= Records provided =
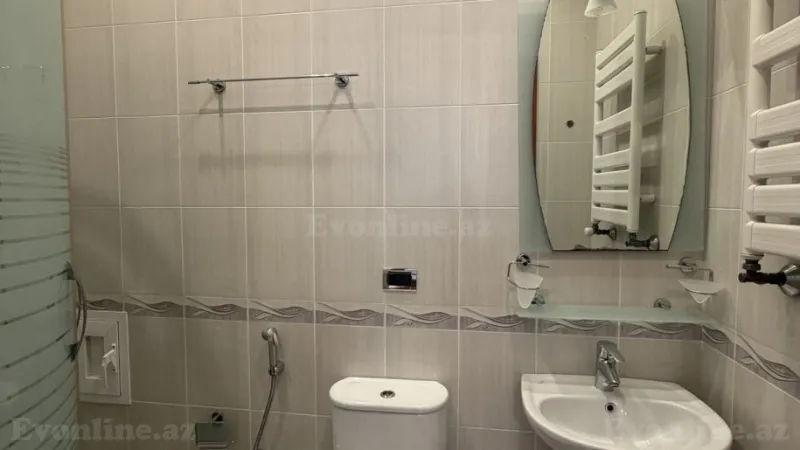 Satılır 3 otaqlı Mənzil Yeni tikili 136 m² 28 May m. - şəkil 6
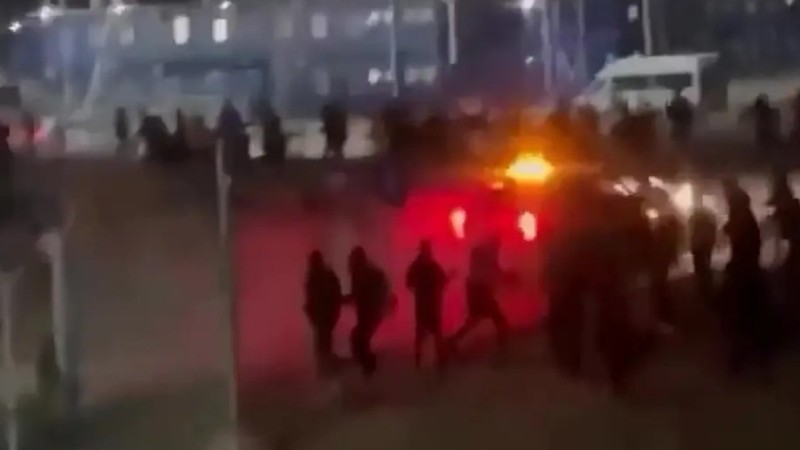 МИД Казахстана прокомментировал драку в России с участием казахстанцев: новые подробности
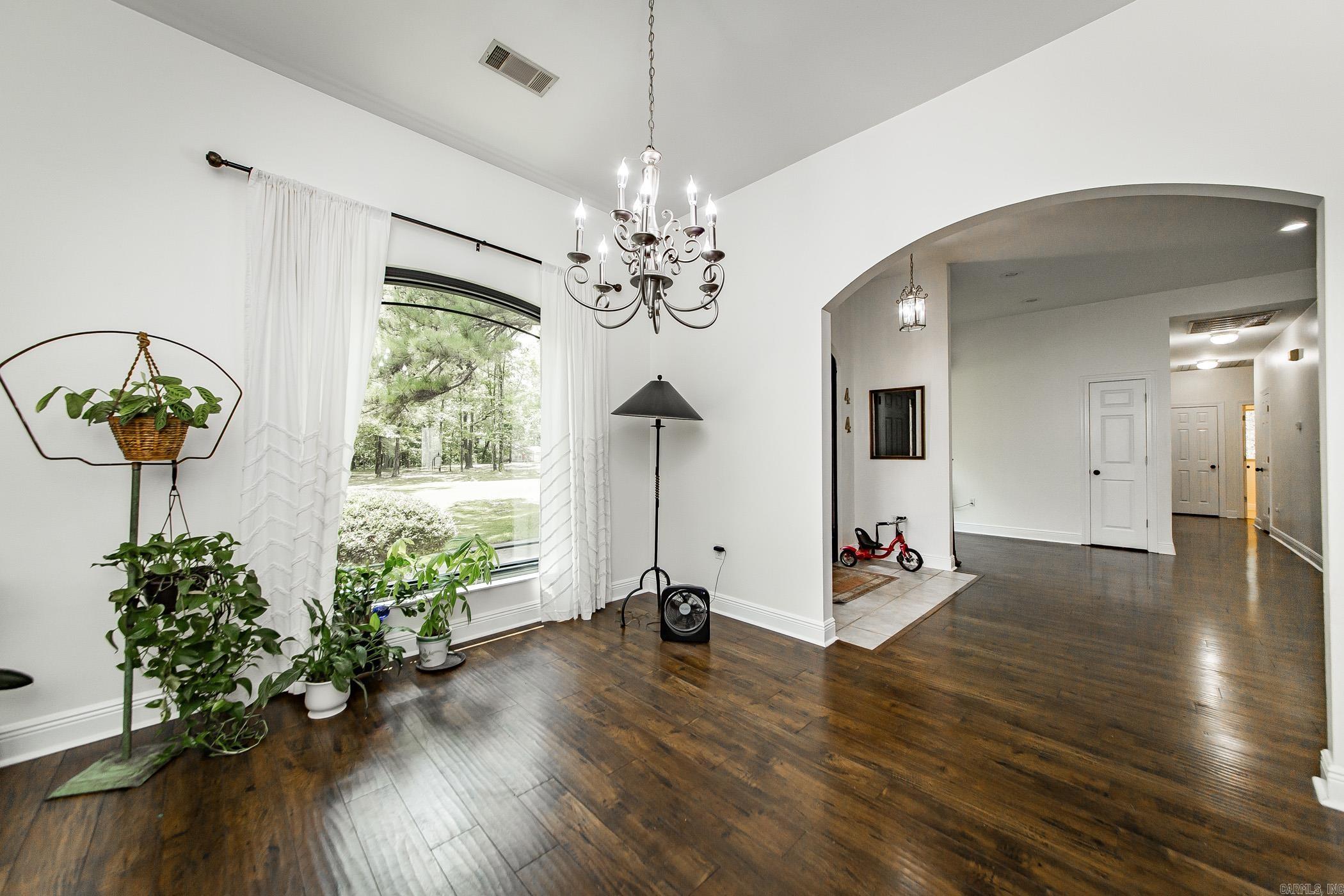 44 Pleasant Meadows  Cabot, AR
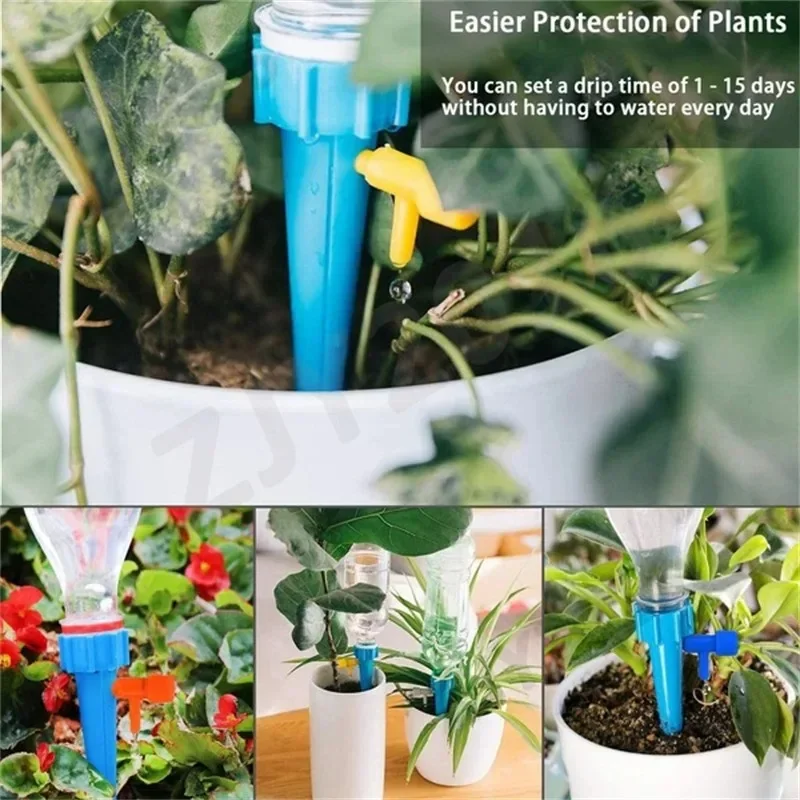 جهاز ري الحدائق スマート点滴灌漑システム 自 - Smart Garden Iot のレビューと価格
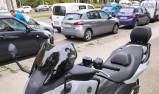 YAMAHA XP T-MAX 560 TECH MAX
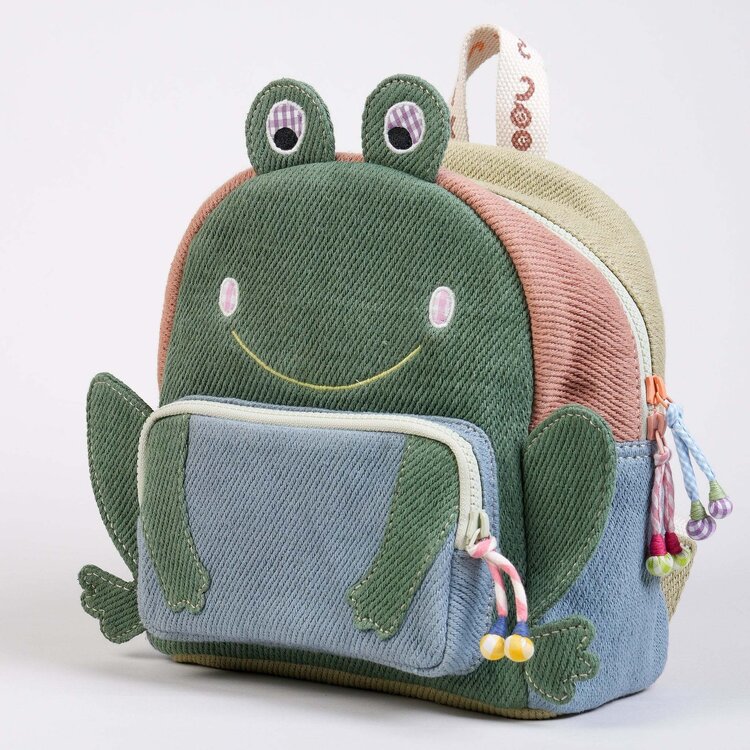 Choose Kind Rugzakje Lutris - Froodles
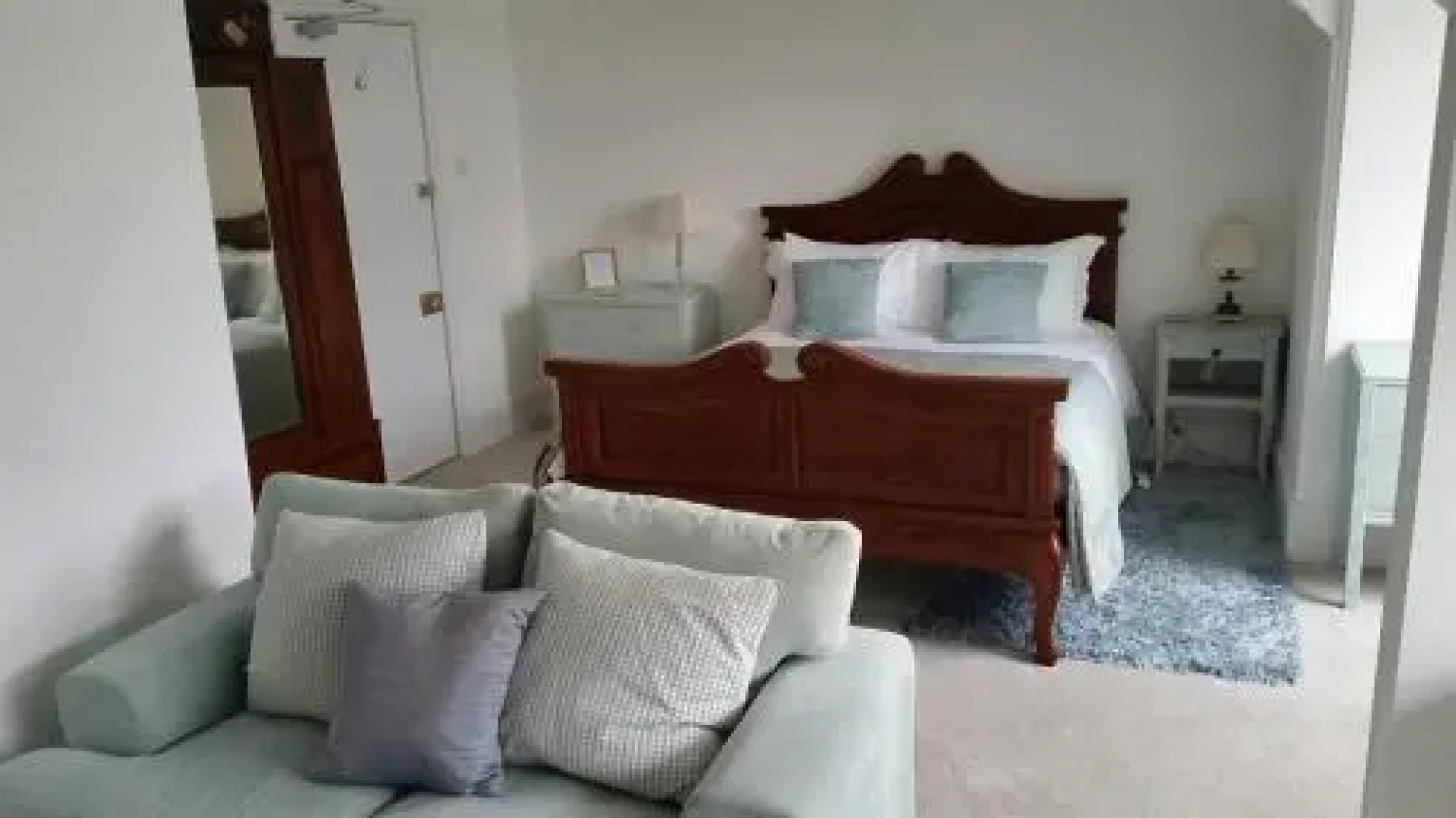 Pencubitt Country House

= Task item =
All of the material above should be output exactly, with the pictures left behind.

= Task result =
 Satılır 3 otaqlı Mənzil Yeni tikili 136 m² 28 May m. - şəkil 6
 МИД Казахстана прокомментировал драку в России с участием казахстанцев: новые подробности
 44 Pleasant Meadows  Cabot, AR
 جهاز ري الحدائق スマート点滴灌漑システム 自 - Smart Garden Iot のレビューと価格
 YAMAHA XP T-MAX 560 TECH MAX
 Choose Kind Rugzakje Lutris - Froodles
 Pencubitt Country House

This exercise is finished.